Records for this task:
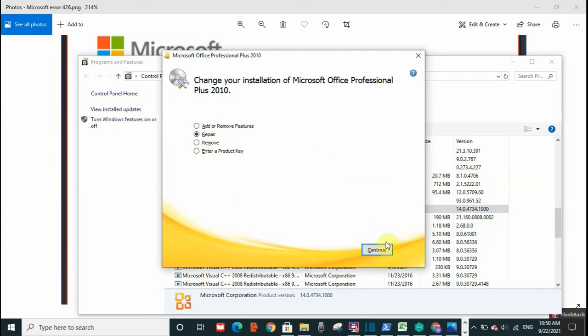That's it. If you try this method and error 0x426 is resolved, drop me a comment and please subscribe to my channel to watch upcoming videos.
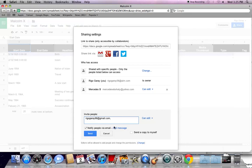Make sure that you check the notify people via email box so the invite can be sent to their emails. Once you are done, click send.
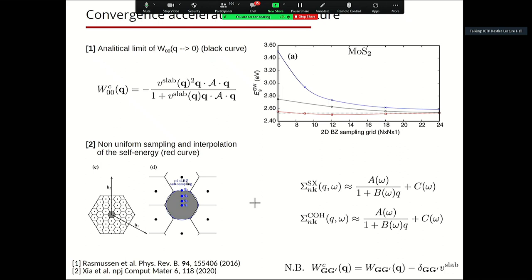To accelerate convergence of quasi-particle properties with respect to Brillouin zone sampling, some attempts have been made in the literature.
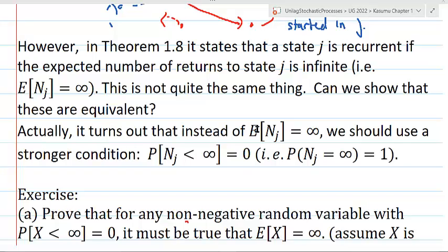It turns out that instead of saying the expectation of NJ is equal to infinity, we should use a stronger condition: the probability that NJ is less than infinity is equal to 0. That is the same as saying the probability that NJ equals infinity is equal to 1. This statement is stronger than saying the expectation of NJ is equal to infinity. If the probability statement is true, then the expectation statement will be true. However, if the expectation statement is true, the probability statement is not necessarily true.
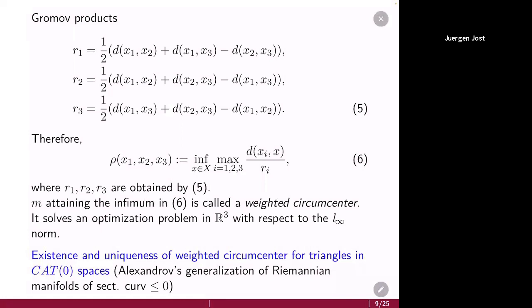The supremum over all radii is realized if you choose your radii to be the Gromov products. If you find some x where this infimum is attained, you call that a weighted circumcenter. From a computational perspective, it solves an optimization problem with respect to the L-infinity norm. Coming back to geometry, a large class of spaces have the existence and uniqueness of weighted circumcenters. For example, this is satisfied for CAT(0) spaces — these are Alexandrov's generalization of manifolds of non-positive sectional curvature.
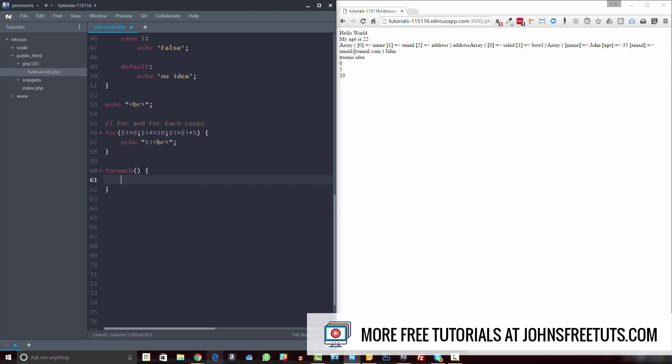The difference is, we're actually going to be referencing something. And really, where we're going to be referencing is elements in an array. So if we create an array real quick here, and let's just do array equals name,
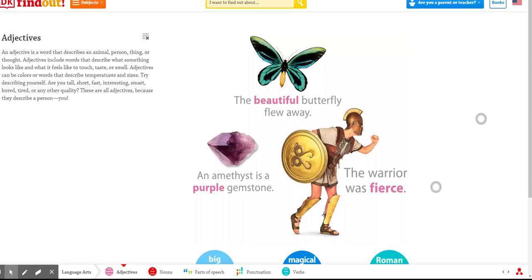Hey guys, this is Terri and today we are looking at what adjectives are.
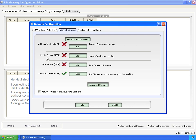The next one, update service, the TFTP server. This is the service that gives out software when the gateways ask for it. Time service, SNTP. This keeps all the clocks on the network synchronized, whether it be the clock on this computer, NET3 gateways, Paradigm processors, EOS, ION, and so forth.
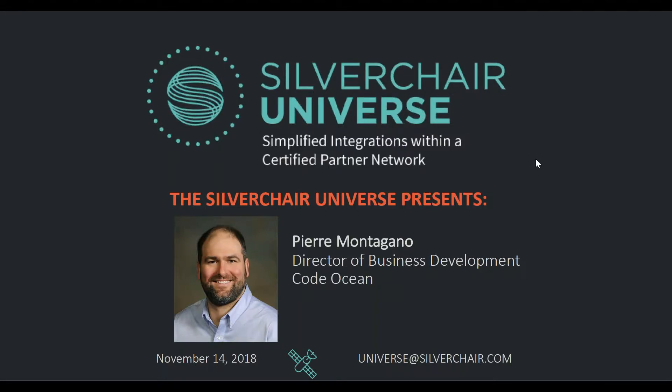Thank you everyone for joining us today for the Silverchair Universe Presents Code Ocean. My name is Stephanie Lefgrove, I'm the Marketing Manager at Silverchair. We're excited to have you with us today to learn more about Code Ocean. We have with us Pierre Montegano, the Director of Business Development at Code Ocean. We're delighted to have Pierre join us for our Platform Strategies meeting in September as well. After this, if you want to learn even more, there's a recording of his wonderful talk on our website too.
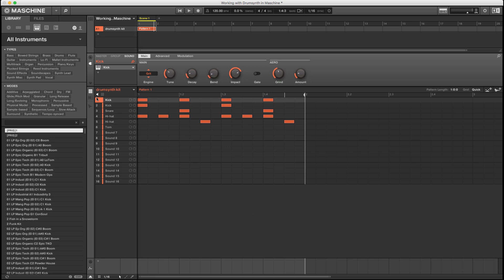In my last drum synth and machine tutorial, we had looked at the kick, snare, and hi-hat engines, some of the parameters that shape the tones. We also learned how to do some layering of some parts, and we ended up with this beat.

Task to complete: Only the lines from the first line of the entries through the line containing "The supremum over" should be output, exactly as they are, without pictures.

Finished task:
That's it. If you try this method and error 0x426 is resolved, drop me a comment and please subscribe to my channel to watch upcoming videos.
Make sure that you check the notify people via email box so the invite can be sent to their emails. Once you are done, click send.
To accelerate convergence of quasi-particle properties with respect to Brillouin zone sampling, some attempts have been made in the literature.
It turns out that instead of saying the expectation of NJ is equal to infinity, we should use a stronger condition: the probability that NJ is less than infinity is equal to 0. That is the same as saying the probability that NJ equals infinity is equal to 1. This statement is stronger than saying the expectation of NJ is equal to infinity. If the probability statement is true, then the expectation statement will be true. However, if the expectation statement is true, the probability statement is not necessarily true.
The supremum over all radii is realized if you choose your radii to be the Gromov products. If you find some x where this infimum is attained, you call that a weighted circumcenter. From a computational perspective, it solves an optimization problem with respect to the L-infinity norm. Coming back to geometry, a large class of spaces have the existence and uniqueness of weighted circumcenters. For example, this is satisfied for CAT(0) spaces — these are Alexandrov's generalization of manifolds of non-positive sectional curvature.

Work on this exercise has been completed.